Reproduce each record exactly. The pictures should be skipped.

- _SOURCE MATERIAL_:
BEGIN
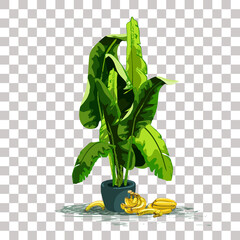 753_banana_banana leaves banana leaves, tropical plant in a pot, fruits of ripe bananas, isolated vector object, drawing, bright, package design element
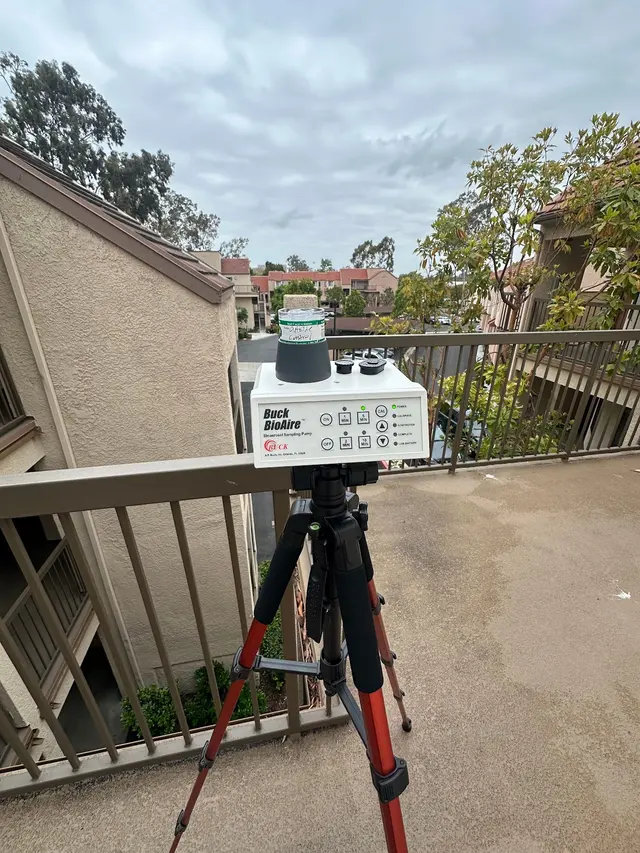 24H Mold Inspection of Michigan — photo from the business 4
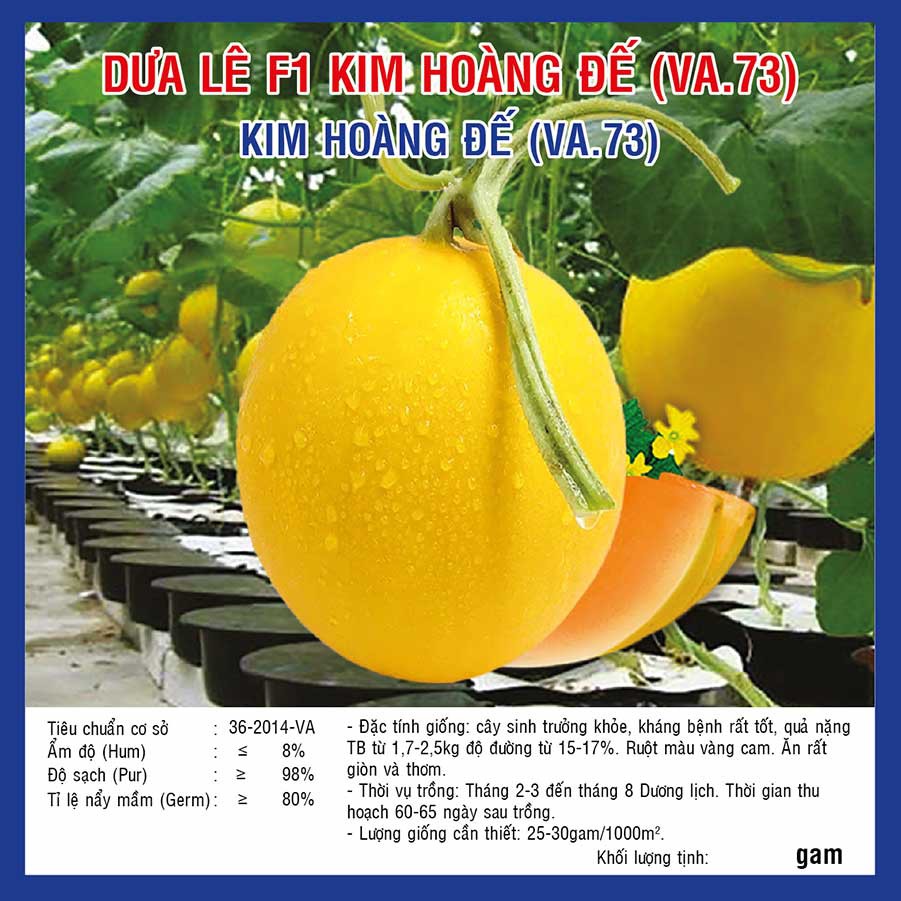 Hạt giống Dưa lê F1 Kim Hoàng Đế (Va.73) 10 hạt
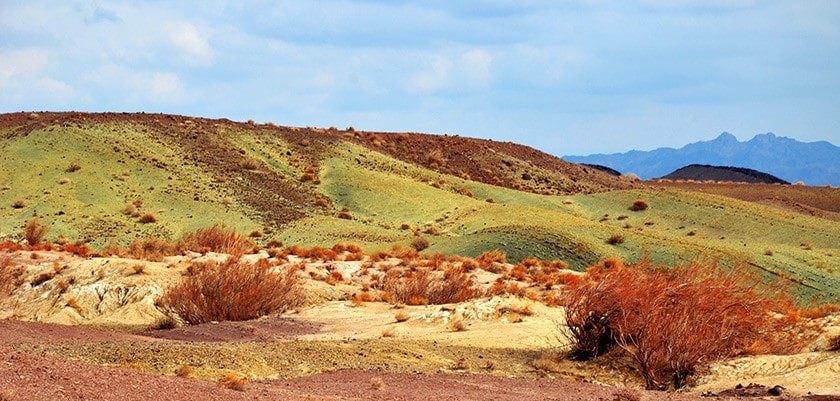 ذخیره‌گاه زیستکره توران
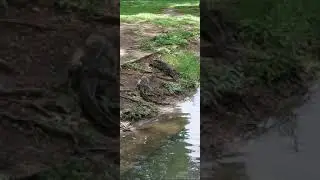 Komodo Dragon eating fish Thailand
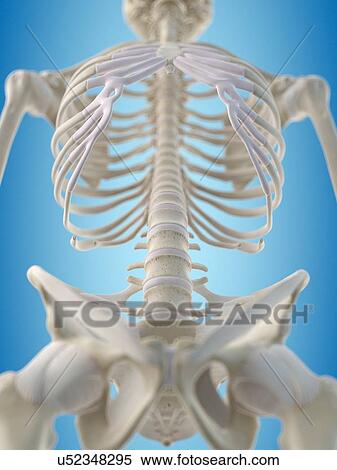 Stock Illustration - Human thorax, artwork. Fotosearch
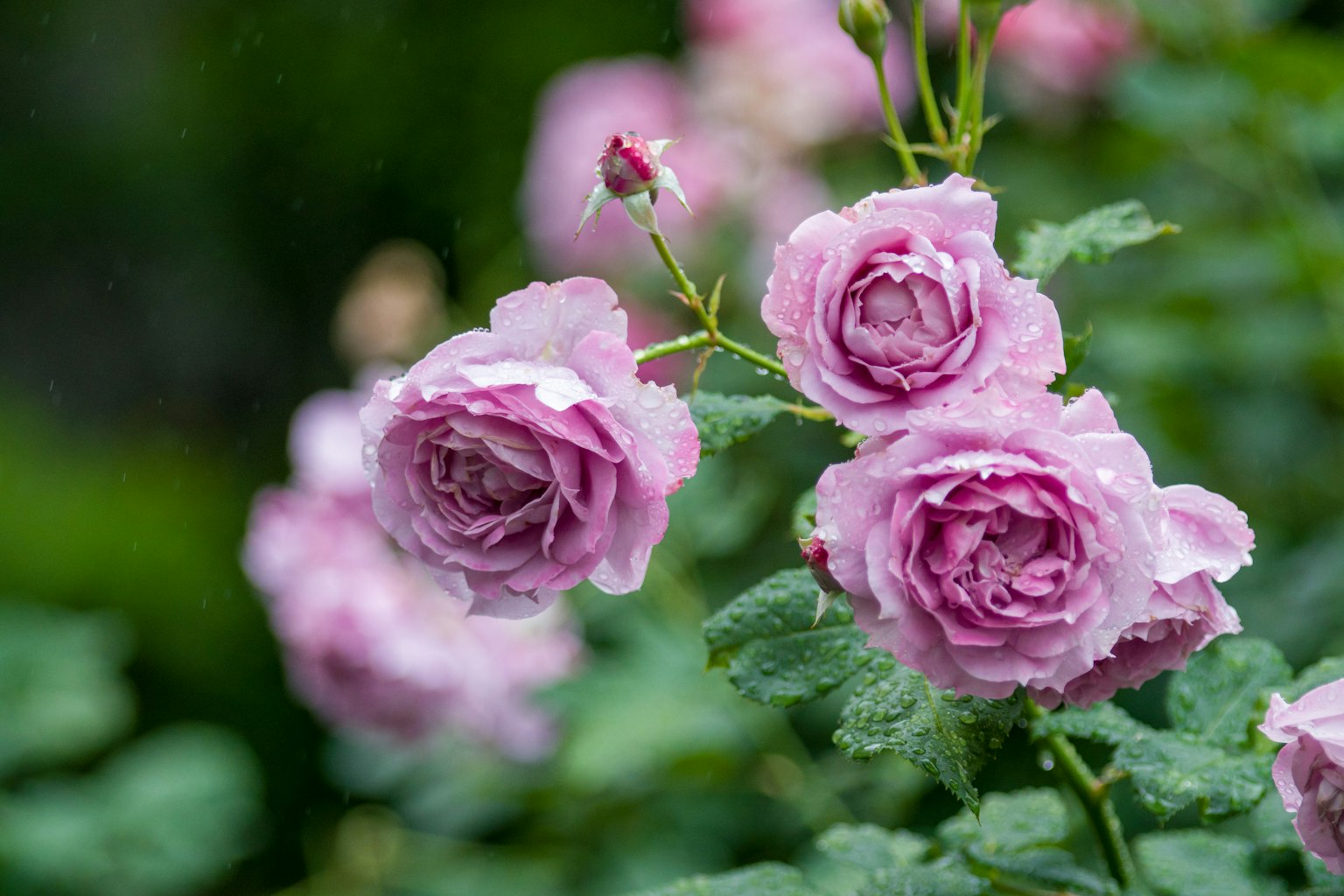Beautiful light purple roses blooming in a garden
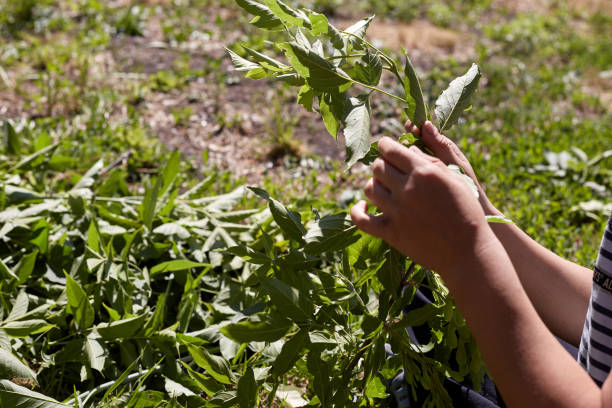 istock A man tears green leaves from a tree branch 1327311557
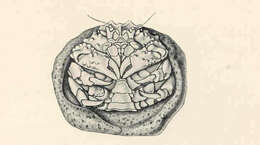 Image of Dromioidea De Haan 1833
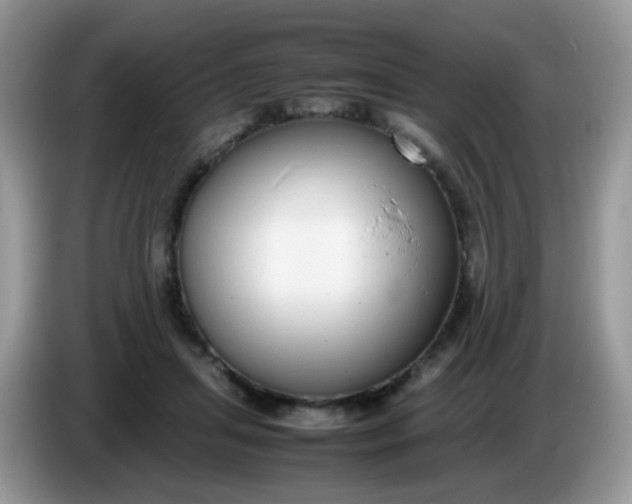 X0000086240455200704121936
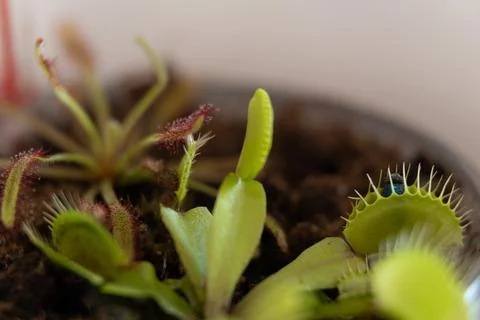 Venus flytrap with caught fly and drosera. Home pots of carnivorous plants Stock Photos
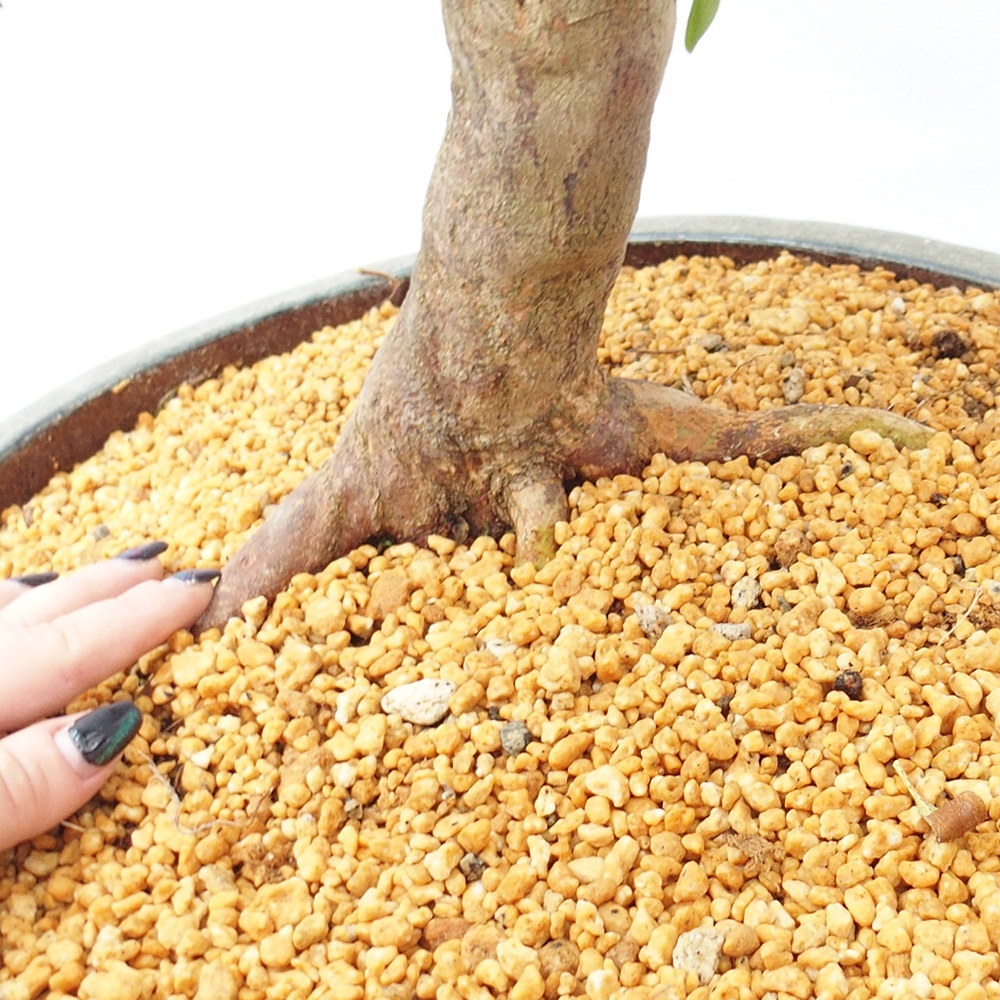 Venkovní bonsai - Japonská azalka - Azalea Ruka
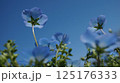 青空に向かって咲くネモフィラ 125176333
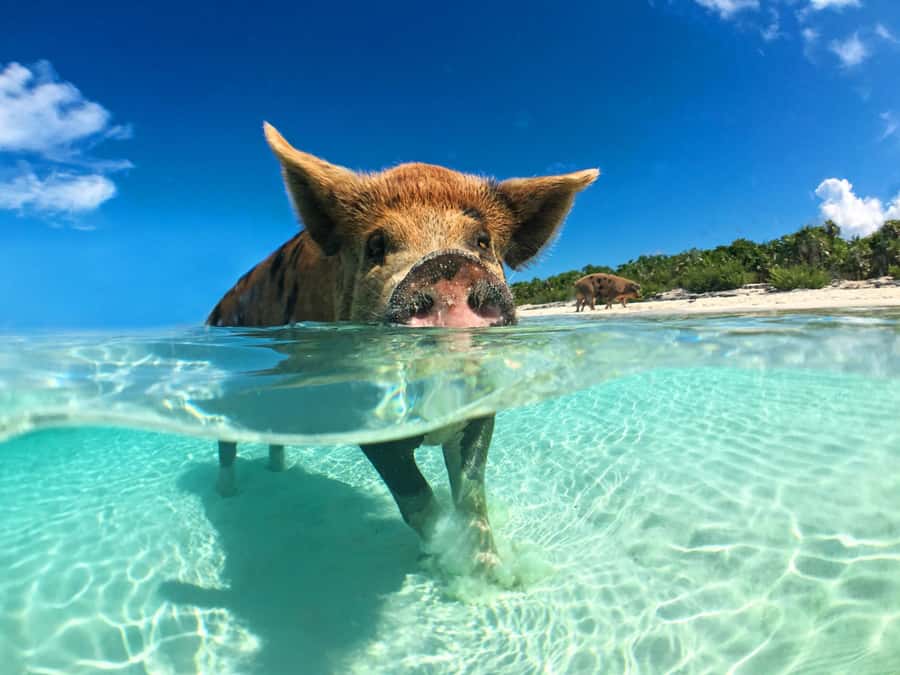 Koh Samui: Pink Dolphin, Pig Island, and Snorkeling Day Trip - The speedboat ride from Koh Samui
END
- _SOLUTION TO THIS TASK_:
 753_banana_banana leaves banana leaves, tropical plant in a pot, fruits of ripe bananas, isolated vector object, drawing, bright, package design element
 24H Mold Inspection of Michigan — photo from the business 4
 Hạt giống Dưa lê F1 Kim Hoàng Đế (Va.73) 10 hạt
 ذخیره‌گاه زیستکره توران
 Komodo Dragon eating fish Thailand
 Stock Illustration - Human thorax, artwork. Fotosearch
Beautiful light purple roses blooming in a garden
 istock A man tears green leaves from a tree branch 1327311557
 Image of Dromioidea De Haan 1833
 X0000086240455200704121936
 Venus flytrap with caught fly and drosera. Home pots of carnivorous plants Stock Photos
 Venkovní bonsai - Japonská azalka - Azalea Ruka
 青空に向かって咲くネモフィラ 125176333
 Koh Samui: Pink Dolphin, Pig Island, and Snorkeling Day Trip - The speedboat ride from Koh Samui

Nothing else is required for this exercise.